Времена года
Шрифт:
Директор поглаживает подбородок. Нам, конечно, трудно понять друг друга.
– Я возьму ваш журнал с собой, вот и все. Неважно, что он не заполнен. Я сам проставлю отметки.
Мистер Риердон вновь оглядывает сборный домик, детей на голове друг у друга, корыто с водой и песочницу, для которых нашлось место только у самой двери.
– Тем не менее я абсолютно уверен, что сумею выколотить из Министерства просвещения что-нибудь более достойное вас.
Мой дорогой директор. Он всегда сочувствует «бедным крошкам». А сейчас пет крошки
– Но мне нравятся стропила над головой!
Мне хочется, чтобы он взглянул на сборный домик моими глазами.
– Я постараюсь, чтобы учительница приготовительного класса моей школы работала в благоустроенном современном помещении уже в этом году.
Директор искренне любит «бедных крошек». Как я хочу, чтобы мне в самом деле хотелось работать в новом помещении, хотя бы ради мистера Риердона, ради его престижа. Но откуда ему знать, почему мне нравятся стропила – самые ранние воспоминания о моей матери. Я перевожу взгляд на ребенка, которого держу на руках.
– Ну-ка... ну-ка... посмотрите на моего милого мальчика.
«Вчера вечером у меня был хороший день», – пишет Мохи.

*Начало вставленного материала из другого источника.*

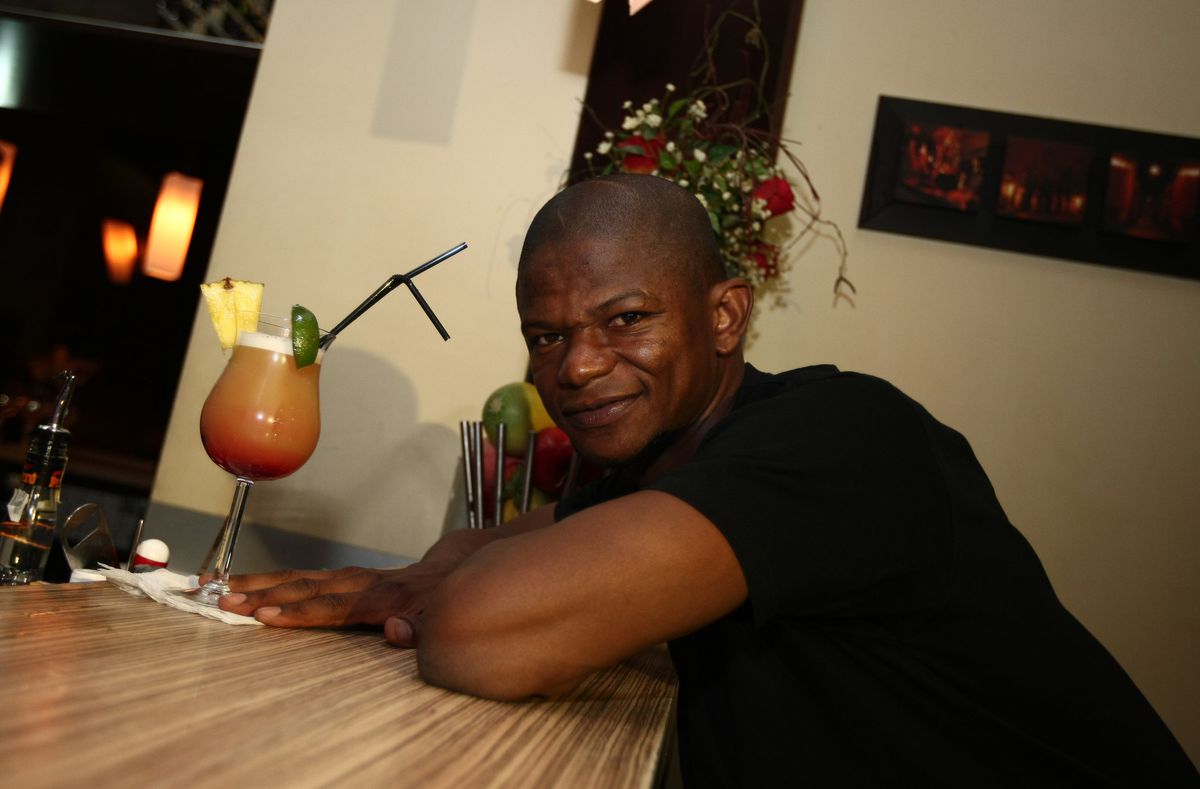 Julio Cesar - imagini din perioada Dinamo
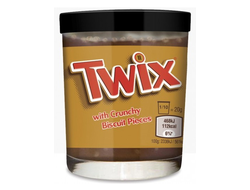 Паста Twix 200 грамм (Великобритания)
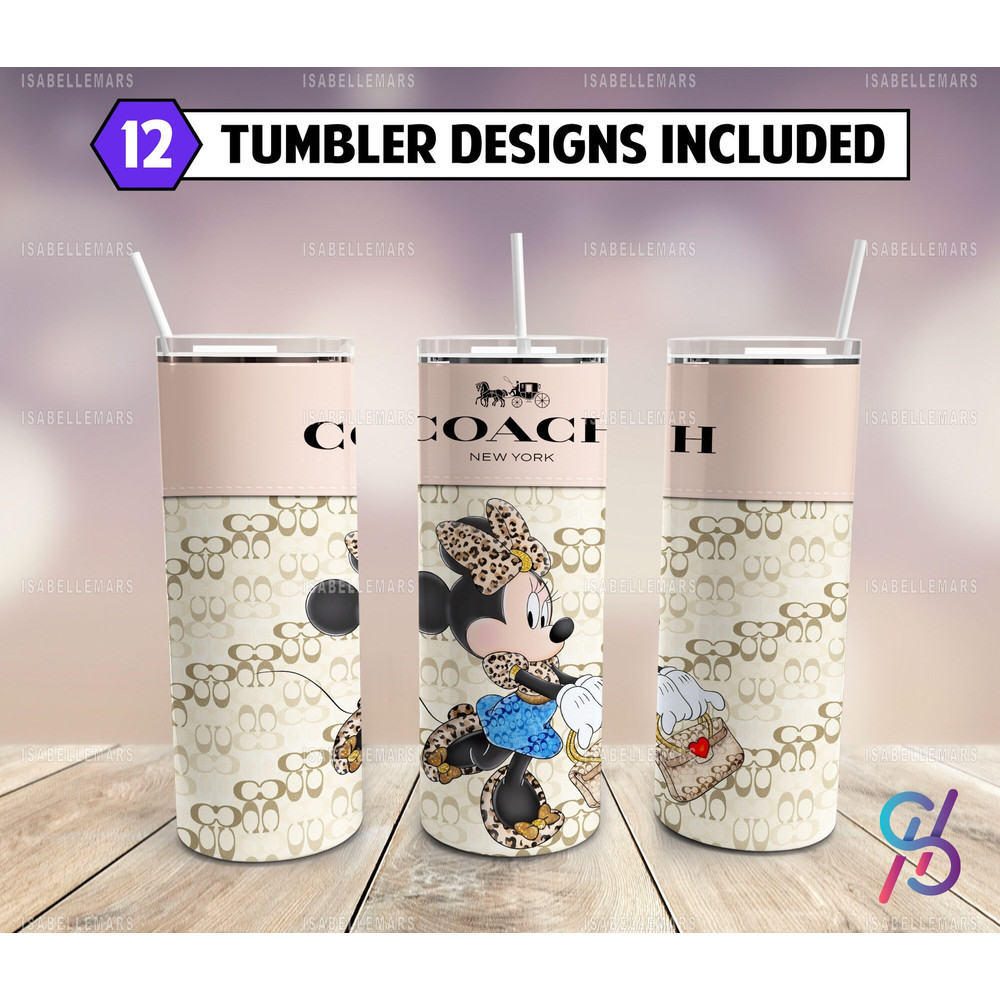 Cartoon Skinny Tumbler 20 oz Sublimation Design PNG - Movie Character Tumbler Straight and Tapered PNG-51.jpg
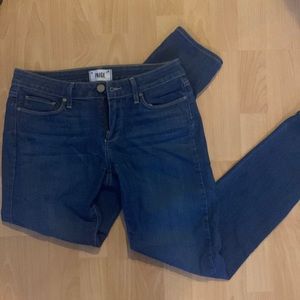 Paige skyline ankle peg, 28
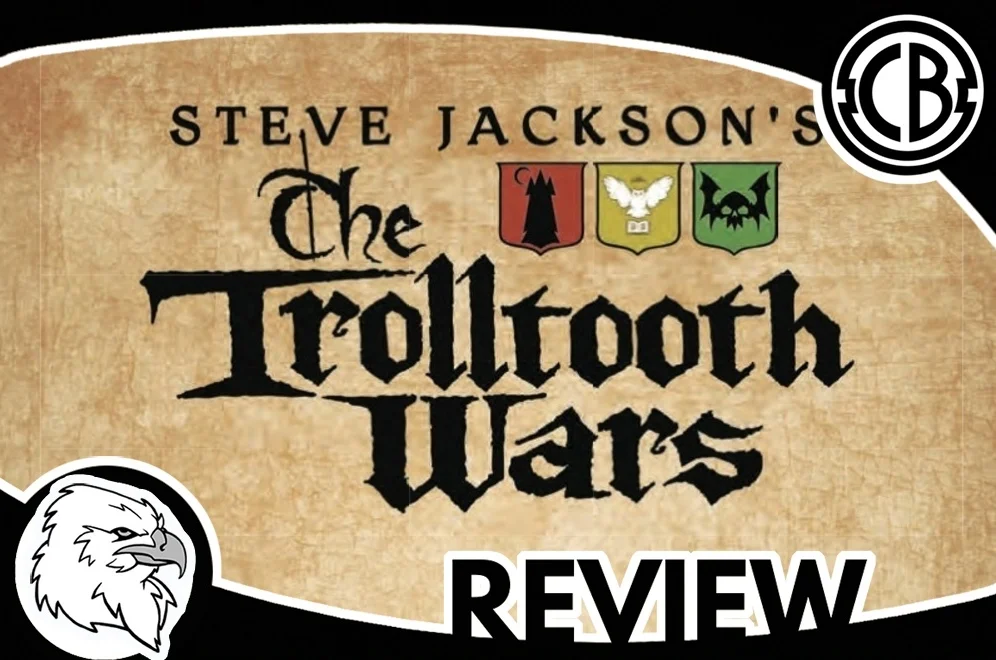 Review: The Trolltooth Wars — Comic Bastards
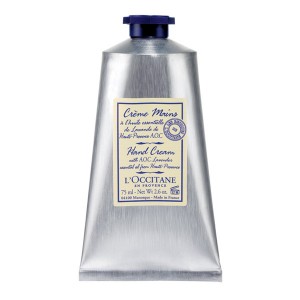 L'occitane lavender hand cream
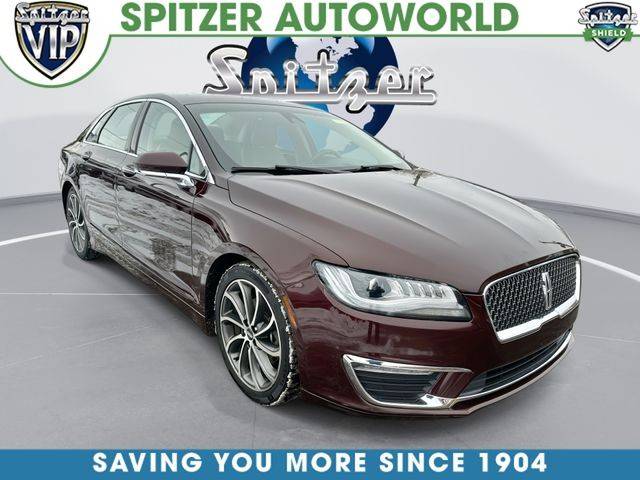 2018 Lincoln MKZ Reserve AWD photo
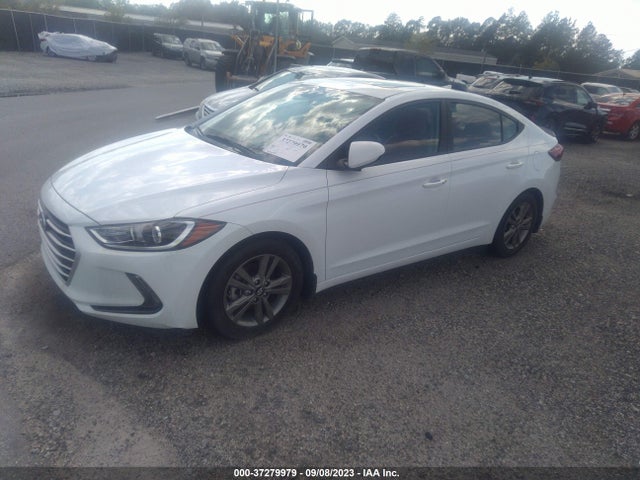 2018 HYUNDAI ELANTRA VALUE EDITION VIN: 5NPD84LFXJH389994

Последний час занятий; цветы, слезы, утренняя порция бренди остались в другой жизни. Я забыла обо всем на свете. Перестала понимать, кто я и что я. Моя душа, как натянутая струна, с готовностью откликается на каждое прикосновение роя малышей и старших детей, которые в это время наводняют сборный домик. Я соткана из их мыслей и чувств. Составлена из шестидесяти с лишним различных индивидуальностей. Я не знаю, что сказала мгновенье назад, что скажу через мгновенье и что говорю сейчас. Меня несет мощная, хмельная волна радостного возбуждения, и, когда она схлынет, я не почувствую опустошения. Чем-то это похоже на опьянение Бетховеном три часа подряд накануне вечером.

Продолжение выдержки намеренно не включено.